YOUR OBJECTIVE – Your task is to restate word for word the lines in the material below, from the one with "halle light brown queen bed" up to and including the one with "Thanksgiving Artificial Pumpkins". Do not carry over the pictures.

DATA TO EXAMINE –
§
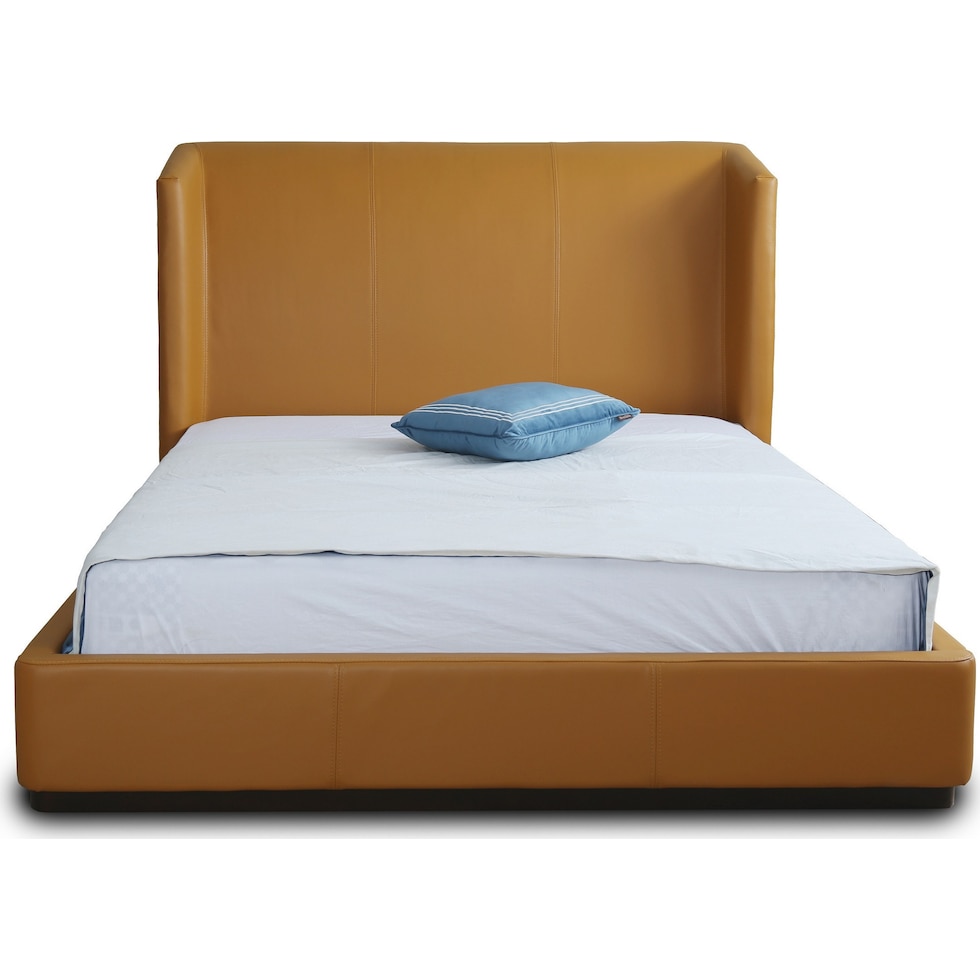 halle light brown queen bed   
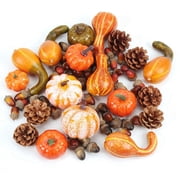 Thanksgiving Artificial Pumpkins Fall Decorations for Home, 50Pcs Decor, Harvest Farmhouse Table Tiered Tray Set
§
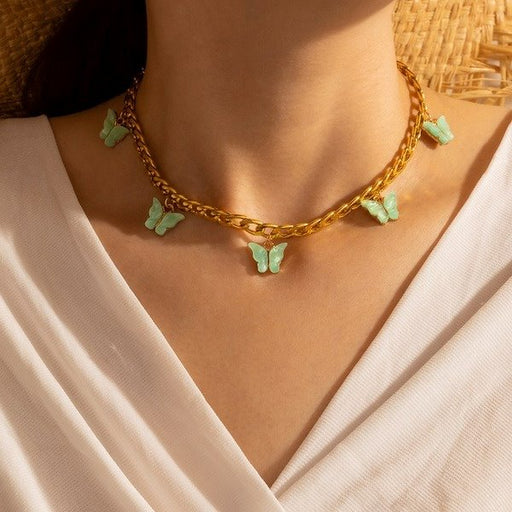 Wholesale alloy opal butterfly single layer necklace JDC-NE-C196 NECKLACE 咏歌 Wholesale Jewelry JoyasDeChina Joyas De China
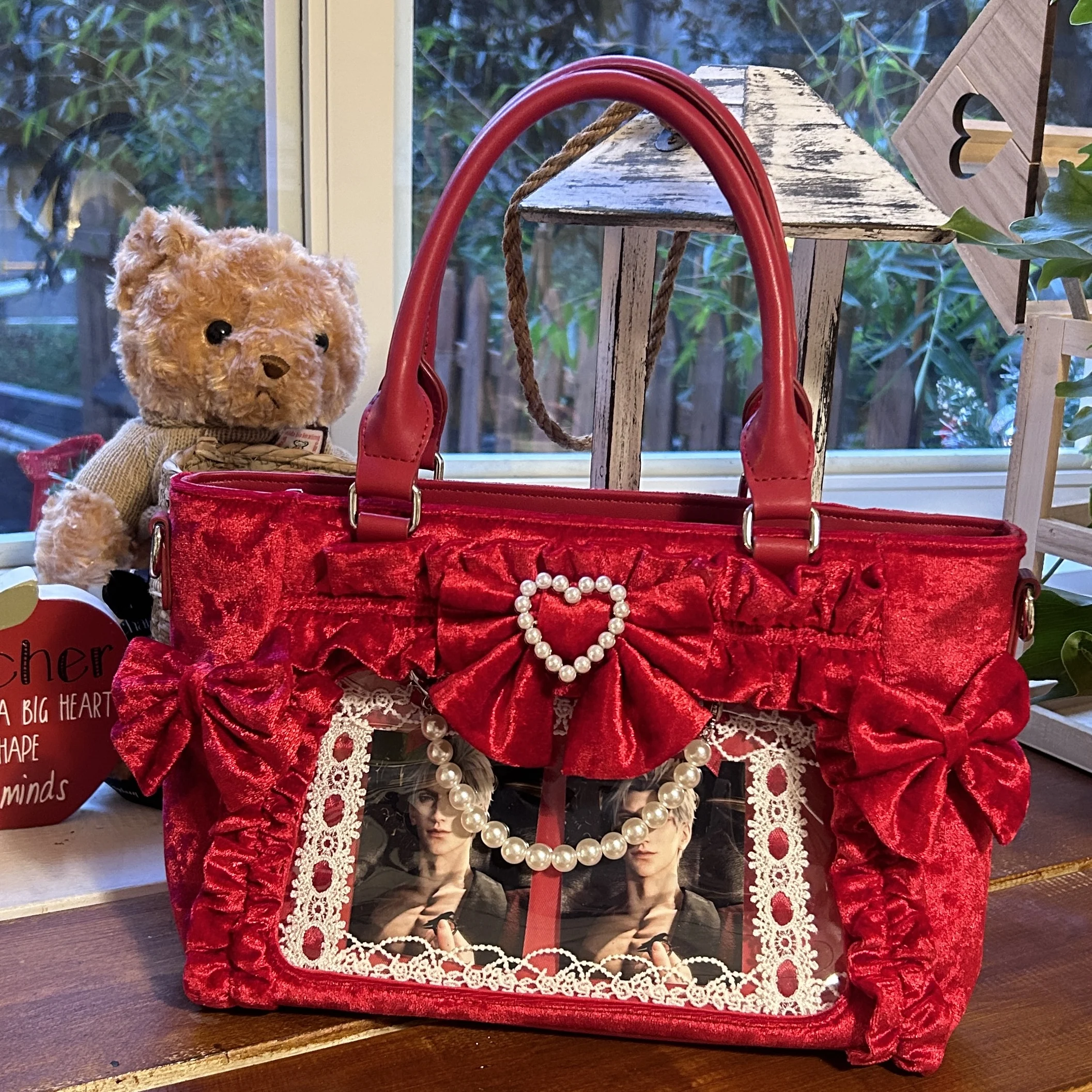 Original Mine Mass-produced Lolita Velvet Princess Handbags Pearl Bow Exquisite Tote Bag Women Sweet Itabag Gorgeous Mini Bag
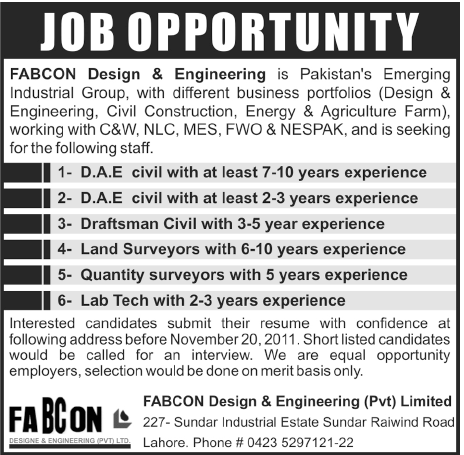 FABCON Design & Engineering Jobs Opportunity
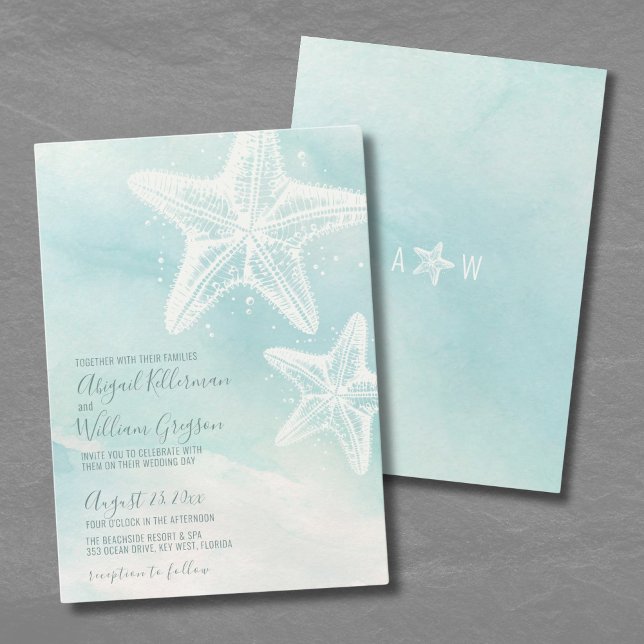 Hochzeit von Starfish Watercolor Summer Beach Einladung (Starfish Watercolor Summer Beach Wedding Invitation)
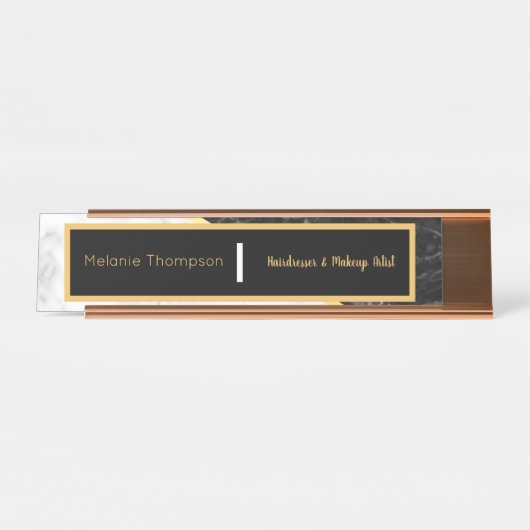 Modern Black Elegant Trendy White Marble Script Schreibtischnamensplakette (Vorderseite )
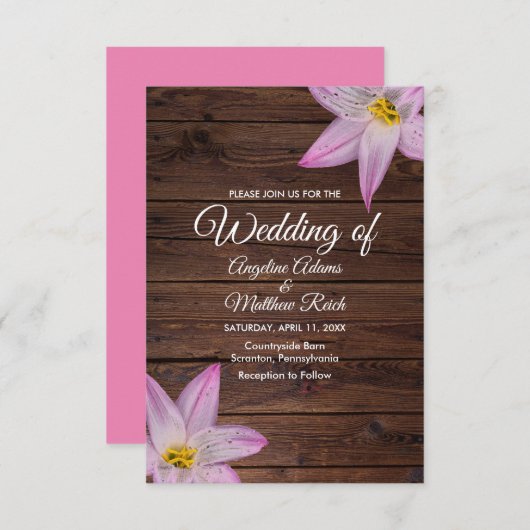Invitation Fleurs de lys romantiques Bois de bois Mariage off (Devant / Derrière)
§
EXERCISE SOLUTION –
 halle light brown queen bed   
 Thanksgiving Artificial Pumpkins Fall Decorations for Home, 50Pcs Decor, Harvest Farmhouse Table Tiered Tray Set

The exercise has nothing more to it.